La más notable era una fidelidad rara, asidua, perfecta, bien digna de ser presentada como ejemplar a las enamoradas francesas. Algo admirable: Durante las cuatro semanas en las que no me rechazó nada de lo que incluso es imposible de conceder, solamente una vez la sorprendí sentada, además casi vestida, sobre las rodillas de un muchacho de muy mala pinta, vestido con un traje de cuadros verdes sobre fondo rosa, que había ido a hacerle una visita – añadid además que yo era el único culpable, pues al fin y al cabo, ¿por qué había empujado tan impetuosamente la puerta? – y, más tarde, después de la imprevista aventura donde perdí, por mi culpa, sí, por mi gran culpa, la esperanza de ser amado por ella, supe hasta no poder dudar, que ella no había ofrecido la hospitalidad de todo su querido cuerpo de lis y de rosa más que a tres o cuatro de mis queridos camaradas.
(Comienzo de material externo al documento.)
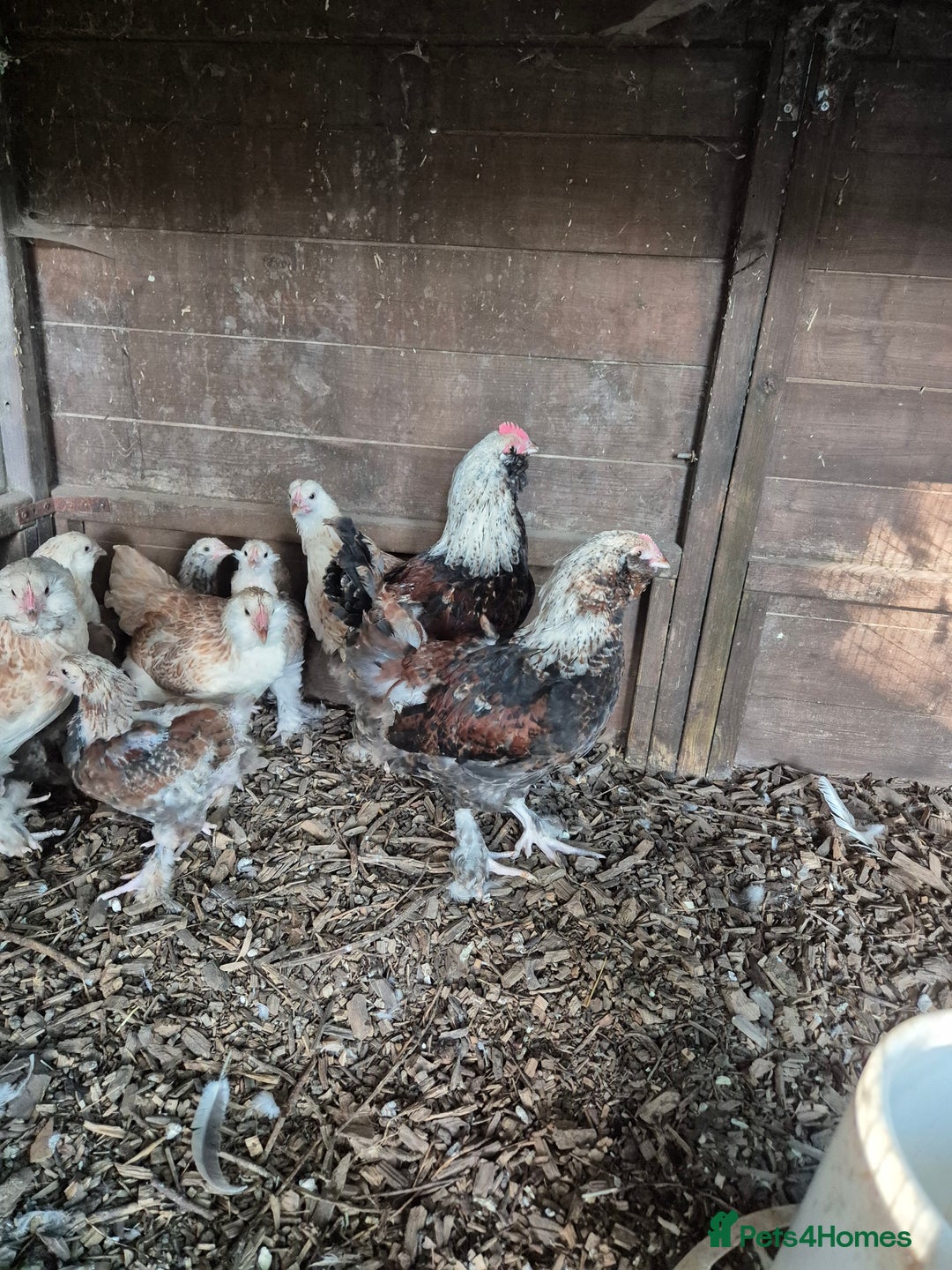 Chickens poultry for sale: Cockerals free to a good home - Image 5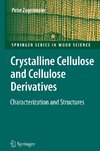 Crystalline Cellulose and Derivatives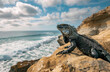 A sea iguana basking in the sun on La Jolla Beach, San Diego, California, with rugged cliffs and waves crashing against them in the background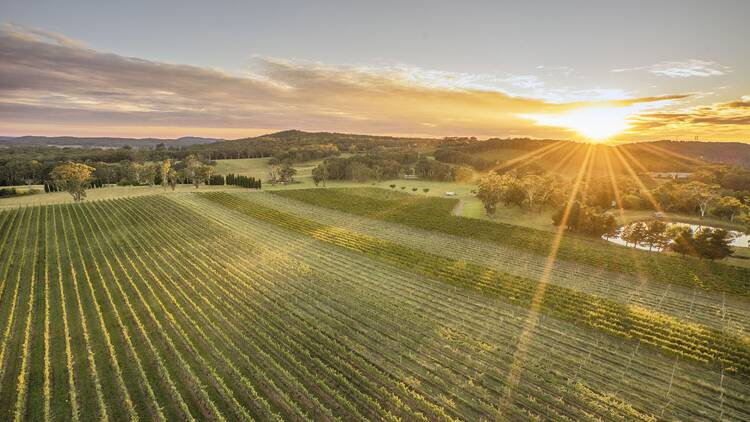 Scenic country views surrounding Centennial Vineyards, Bowral in the Southern Highlands region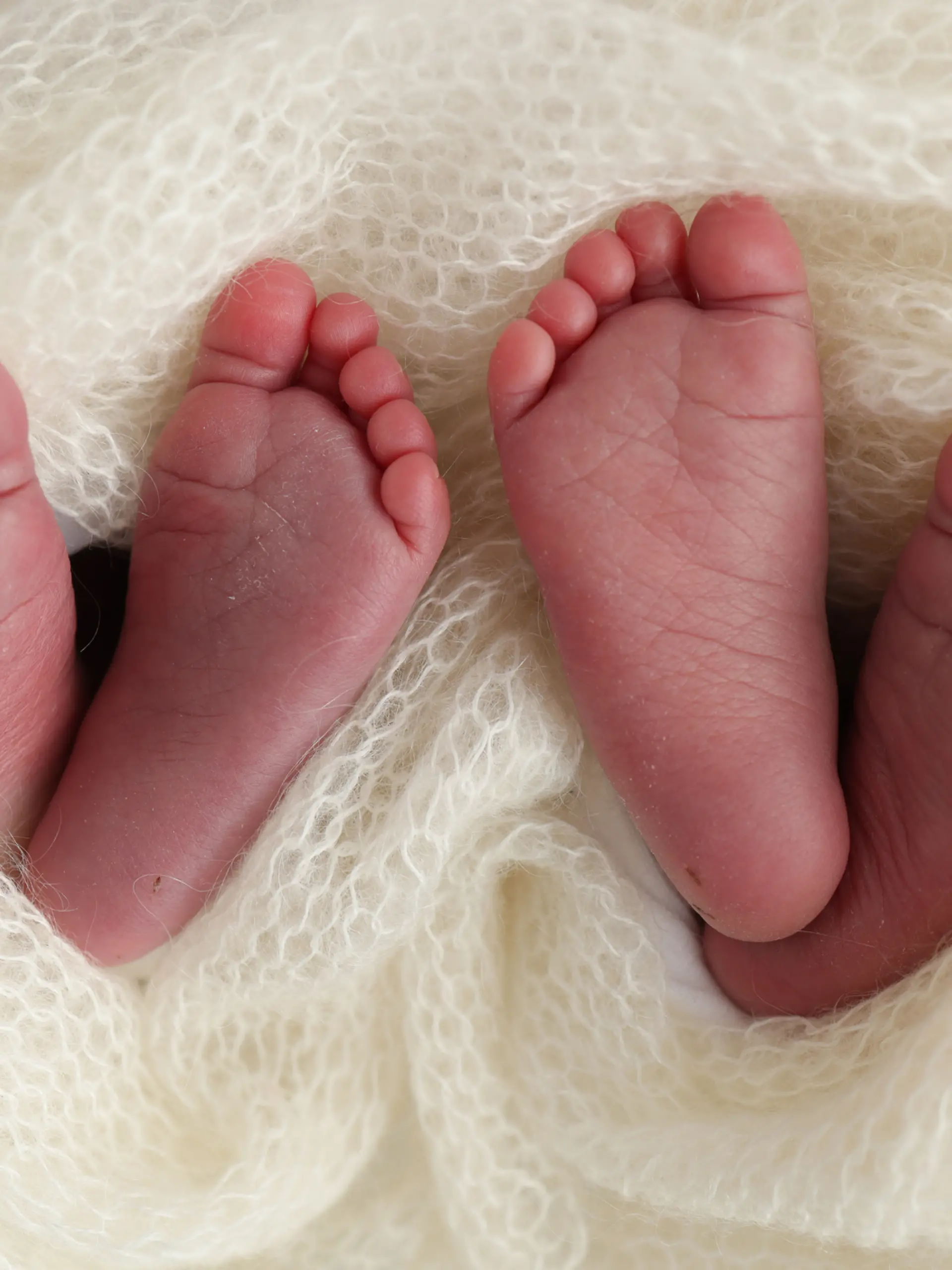 Legs, toes, feet and heels of newborn twins. Wrapped in a knitted white blanket. Studio macro photography of the legs of newborn twins, close-up. Two newborns.
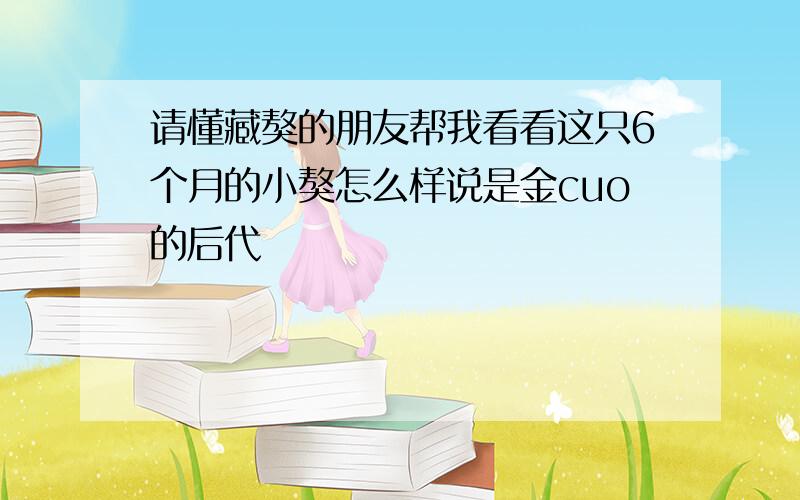 请懂藏獒的朋友帮我看看这只6个月的小獒怎么样说是金cuo的后代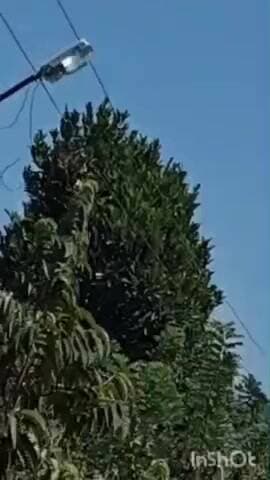 ನರಸಿಂಹರಾಜಪುರ: ಬಾಳೆಹೊನ್ನೂರು ಸುತ್ತಮುತ್ತ ಮತ್ತೆ ಹಾರಾಡಿದ ಕಿರು ವಿಮಾನ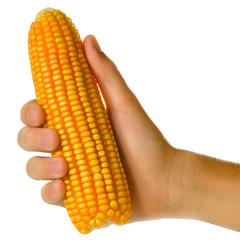 Milho agronegócios grão  Espiga de Milho na mão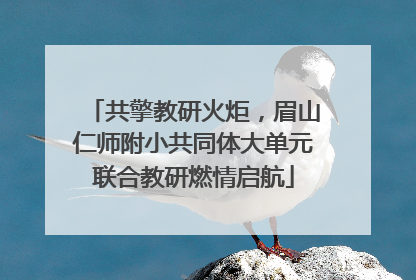 共擎教研火炬，眉山仁师附小共同体大单元联合教研燃情启航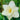 Daffodil Trumpet 'Mount Hood' Bulbs - Pack 5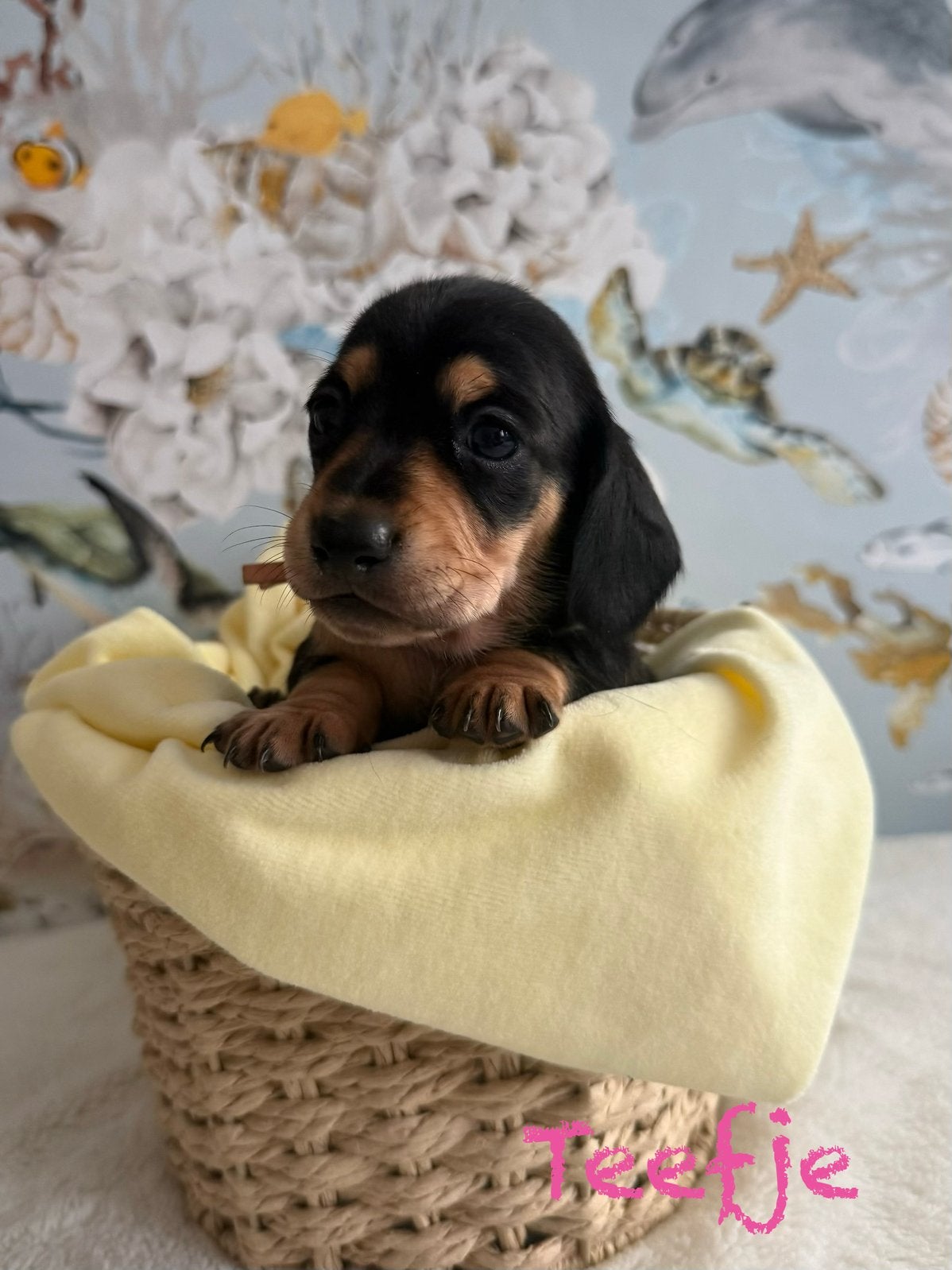 Prachtige Teckelpups, Parvo, Standaard, 8 tot 15 weken, Korthaar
¡Oh, fidelidad admirada que tantos encantos hacían más meritoria y más preciosa! Cuando pienso que, por un vano respeto hacia los más estúpidos prejuicios, por una pusilanimidad desconocida en los peores cobardes, he renunciado para siempre a la incomparable Rosa-y-Lis, el desprecio por mí mismo exaspera mi desesperación, e, inclinado hacia el espejito donde ella se miraba antaño, cuento sin piedad mis lágrimas una a una goteando, mis lágrimas, perlas dispersas del collar de dicha con la que ella me había atado…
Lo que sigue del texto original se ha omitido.